**Task to complete**: Within the material below, locate the line with "MOSTPLUS Ignition Distributor" and the line with "Condominio de 1", then return those two lines and all lines between them, exactly as written.

**Materials provided**:
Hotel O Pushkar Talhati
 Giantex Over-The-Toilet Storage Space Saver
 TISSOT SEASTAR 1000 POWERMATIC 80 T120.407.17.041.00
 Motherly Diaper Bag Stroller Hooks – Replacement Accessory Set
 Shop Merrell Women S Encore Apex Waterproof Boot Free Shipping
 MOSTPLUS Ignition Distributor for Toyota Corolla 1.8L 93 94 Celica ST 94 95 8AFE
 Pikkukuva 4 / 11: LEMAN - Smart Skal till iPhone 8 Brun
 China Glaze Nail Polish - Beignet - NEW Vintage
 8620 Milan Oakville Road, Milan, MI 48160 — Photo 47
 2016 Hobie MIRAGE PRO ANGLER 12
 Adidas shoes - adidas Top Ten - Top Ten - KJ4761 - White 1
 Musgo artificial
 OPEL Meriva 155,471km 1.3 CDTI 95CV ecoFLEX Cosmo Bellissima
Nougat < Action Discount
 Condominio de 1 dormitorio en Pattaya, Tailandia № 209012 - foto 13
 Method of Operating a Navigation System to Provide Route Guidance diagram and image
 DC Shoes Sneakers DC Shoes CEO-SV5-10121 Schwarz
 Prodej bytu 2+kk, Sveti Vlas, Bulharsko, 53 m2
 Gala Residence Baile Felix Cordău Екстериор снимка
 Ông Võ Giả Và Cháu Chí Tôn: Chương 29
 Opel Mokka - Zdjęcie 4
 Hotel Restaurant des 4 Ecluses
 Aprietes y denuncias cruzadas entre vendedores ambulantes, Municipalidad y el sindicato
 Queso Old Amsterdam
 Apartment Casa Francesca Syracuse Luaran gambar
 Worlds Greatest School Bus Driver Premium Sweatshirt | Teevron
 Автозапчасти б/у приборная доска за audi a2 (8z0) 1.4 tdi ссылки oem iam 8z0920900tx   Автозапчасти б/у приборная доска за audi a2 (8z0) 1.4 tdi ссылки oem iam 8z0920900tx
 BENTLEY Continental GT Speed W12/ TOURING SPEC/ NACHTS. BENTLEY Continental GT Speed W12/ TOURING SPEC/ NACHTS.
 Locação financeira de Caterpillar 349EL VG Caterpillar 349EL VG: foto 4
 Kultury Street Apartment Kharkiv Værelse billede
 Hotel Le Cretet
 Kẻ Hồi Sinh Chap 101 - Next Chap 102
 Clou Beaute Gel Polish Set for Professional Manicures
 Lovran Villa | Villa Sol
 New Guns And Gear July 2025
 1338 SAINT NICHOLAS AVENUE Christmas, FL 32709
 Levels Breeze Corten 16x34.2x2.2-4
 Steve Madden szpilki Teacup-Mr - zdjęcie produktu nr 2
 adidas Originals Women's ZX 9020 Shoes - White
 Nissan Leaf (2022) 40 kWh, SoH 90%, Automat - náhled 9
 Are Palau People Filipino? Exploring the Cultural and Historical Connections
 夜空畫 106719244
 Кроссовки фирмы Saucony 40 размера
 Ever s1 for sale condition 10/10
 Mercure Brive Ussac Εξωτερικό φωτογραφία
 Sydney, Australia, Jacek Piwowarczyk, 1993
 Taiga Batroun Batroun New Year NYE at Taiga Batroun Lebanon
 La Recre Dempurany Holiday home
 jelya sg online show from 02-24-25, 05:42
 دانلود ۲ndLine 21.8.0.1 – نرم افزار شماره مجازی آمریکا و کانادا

**Your solution**:
 MOSTPLUS Ignition Distributor for Toyota Corolla 1.8L 93 94 Celica ST 94 95 8AFE
 Pikkukuva 4 / 11: LEMAN - Smart Skal till iPhone 8 Brun
 China Glaze Nail Polish - Beignet - NEW Vintage
 8620 Milan Oakville Road, Milan, MI 48160 — Photo 47
 2016 Hobie MIRAGE PRO ANGLER 12
 Adidas shoes - adidas Top Ten - Top Ten - KJ4761 - White 1
 Musgo artificial
 OPEL Meriva 155,471km 1.3 CDTI 95CV ecoFLEX Cosmo Bellissima
Nougat < Action Discount
 Condominio de 1 dormitorio en Pattaya, Tailandia № 209012 - foto 13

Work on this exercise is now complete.